*** Opening of Study material ***
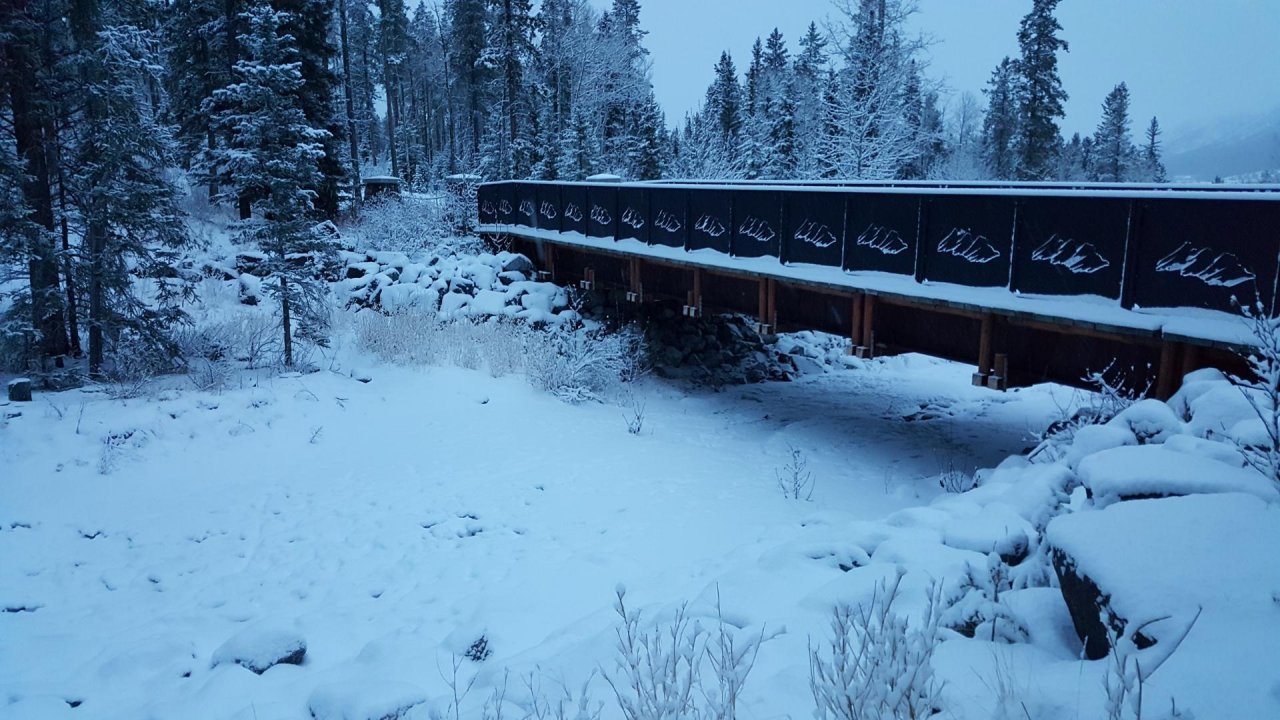 temporary stream in CrowdWater App spotted by Paul Whitfield on 20.12.2020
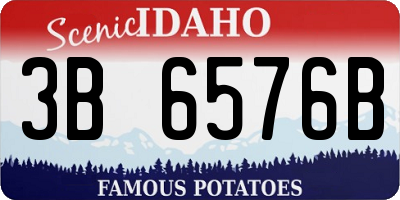ID license plate 3B6576B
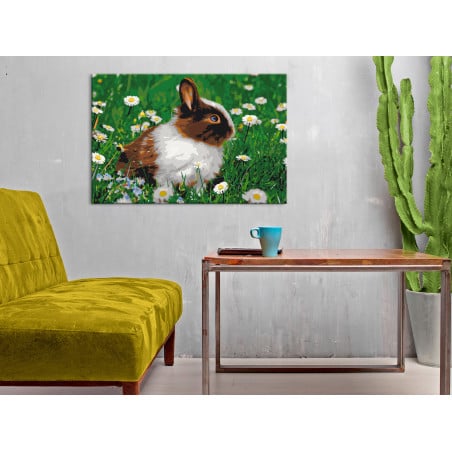 Pictatul pentru recreere Rabbit in the Meadow 60 x 40 cm-01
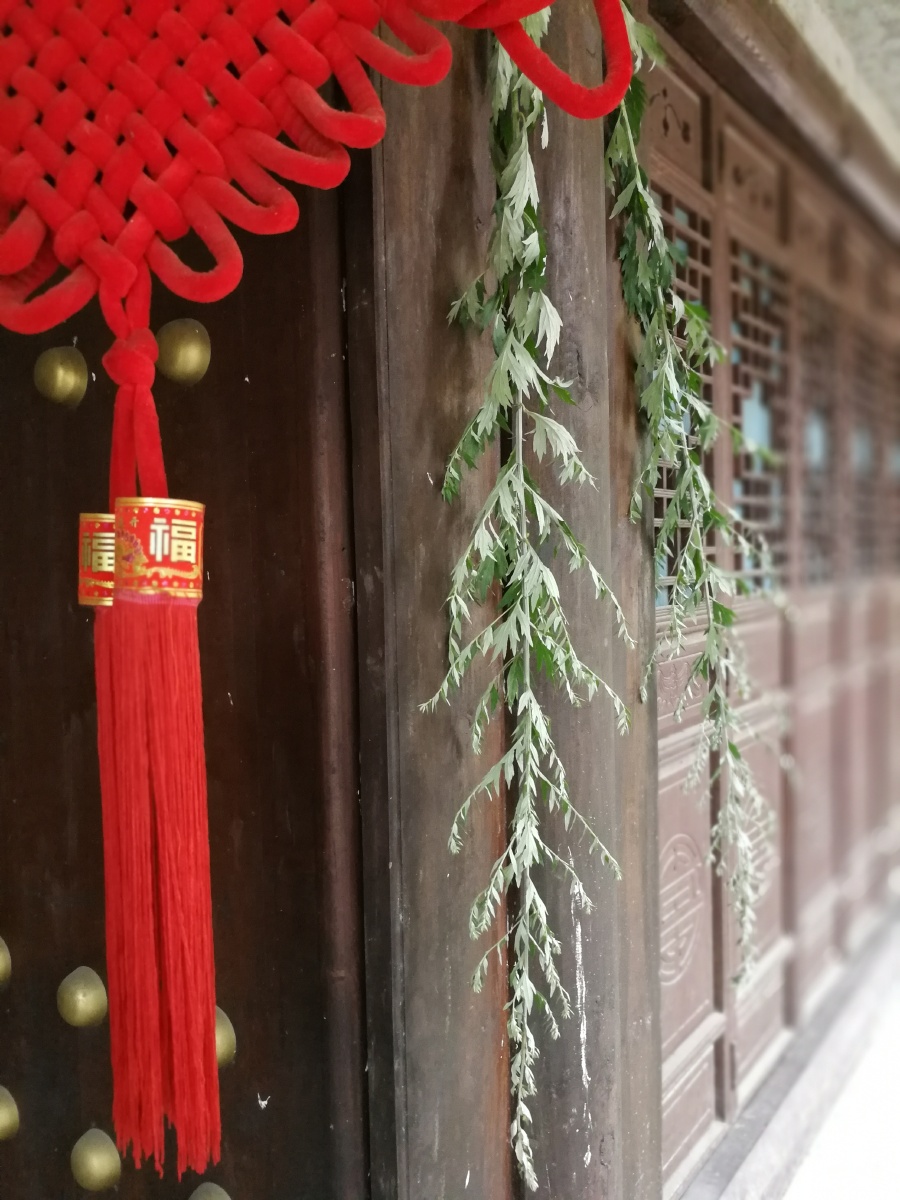 端午安康,亲自采来的艾草挂在自家门楣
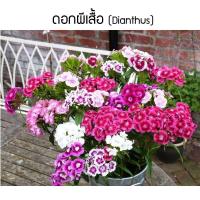 ราคา เมล็ดพันธุ์ ดอกผีเสื้อ (Dianthus) 100 เมล็ด ปลูกง่าย ปลูกได้ทั่วไทย (3357607762)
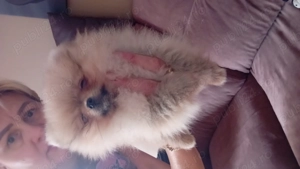 Pomeranian  catelus  - imagine 4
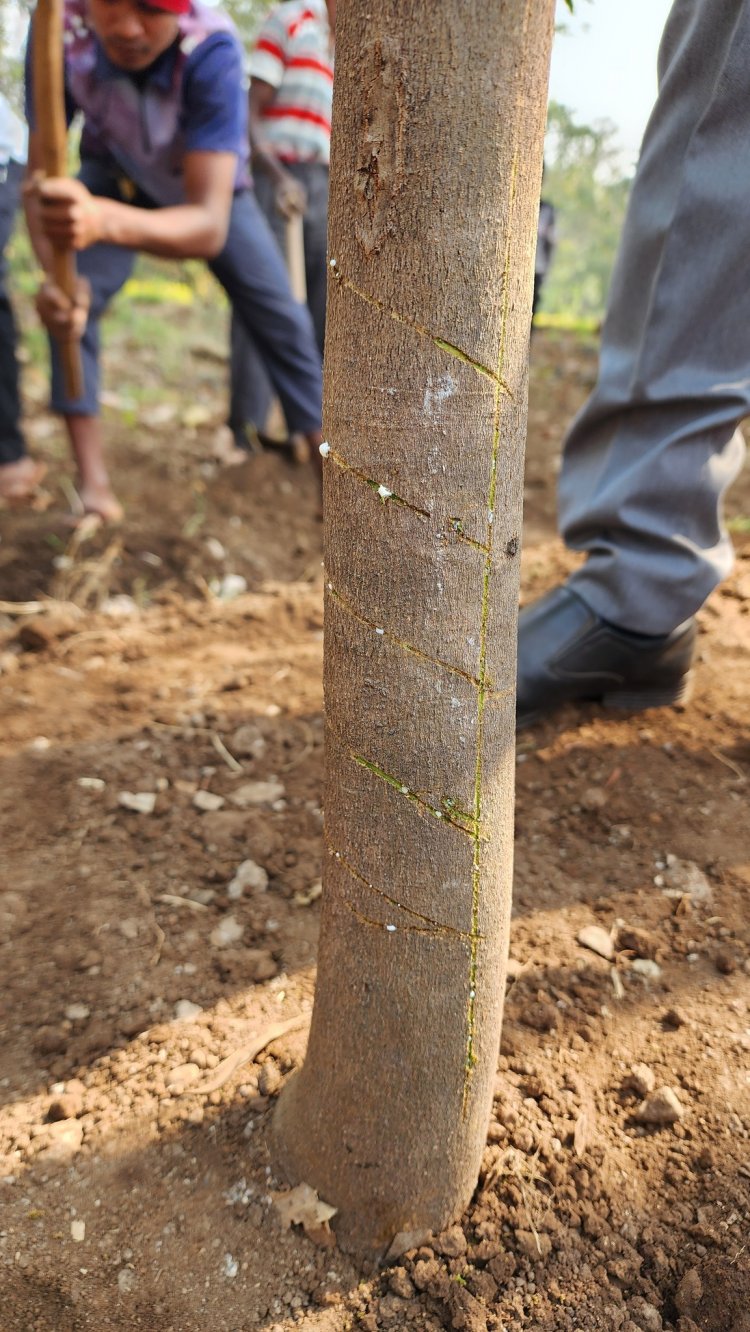 NAU Navsari, under the dynamic leadership of Hon’ble Vice-Chancellor Dr. Z. P. Patel, created a history on February 6, 2025, by successfully extracting latex from rubber plants grown at the Hill Millets Research Station, Rambhas Farm, Waghai. 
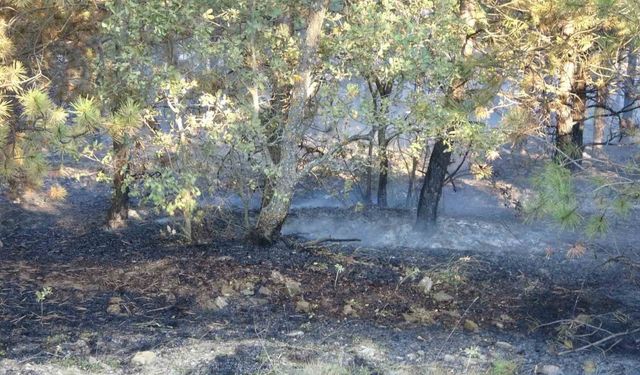 Yozgat’ta orman yangınına ilişkin gözaltına alınan 2 kişi serbest bırakıldı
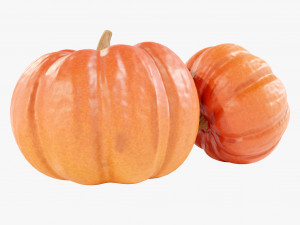 Pumpkin Modelo 3D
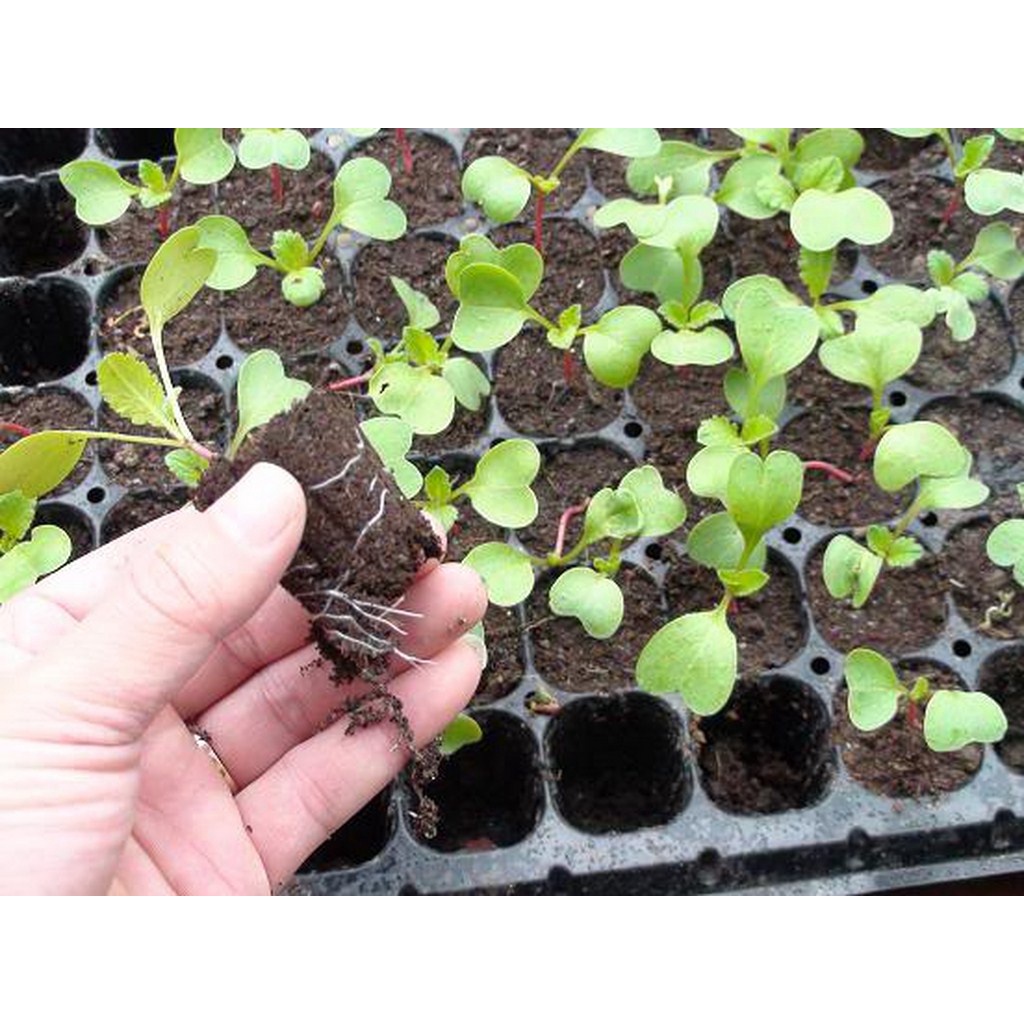 Hạt giống củ cải đỏ tròn mini cao sản - rau củ quả trồng chậu, tươi ngon giòn ngọt giàu chất dinh dưỡng 2g RADOCC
*** Close of Study material ***
▶ **Aim of the task**:
Each entry above is to be written out exactly. The pictures stay out.

▶ **Solution**:
 temporary stream in CrowdWater App spotted by Paul Whitfield on 20.12.2020
ID license plate 3B6576B
 Pictatul pentru recreere Rabbit in the Meadow 60 x 40 cm-01
 端午安康,亲自采来的艾草挂在自家门楣
 ราคา เมล็ดพันธุ์ ดอกผีเสื้อ (Dianthus) 100 เมล็ด ปลูกง่าย ปลูกได้ทั่วไทย (3357607762)
 Pomeranian  catelus  - imagine 4
 NAU Navsari, under the dynamic leadership of Hon’ble Vice-Chancellor Dr. Z. P. Patel, created a history on February 6, 2025, by successfully extracting latex from rubber plants grown at the Hill Millets Research Station, Rambhas Farm, Waghai. 
 Yozgat’ta orman yangınına ilişkin gözaltına alınan 2 kişi serbest bırakıldı
 Pumpkin Modelo 3D
 Hạt giống củ cải đỏ tròn mini cao sản - rau củ quả trồng chậu, tươi ngon giòn ngọt giàu chất dinh dưỡng 2g RADOCC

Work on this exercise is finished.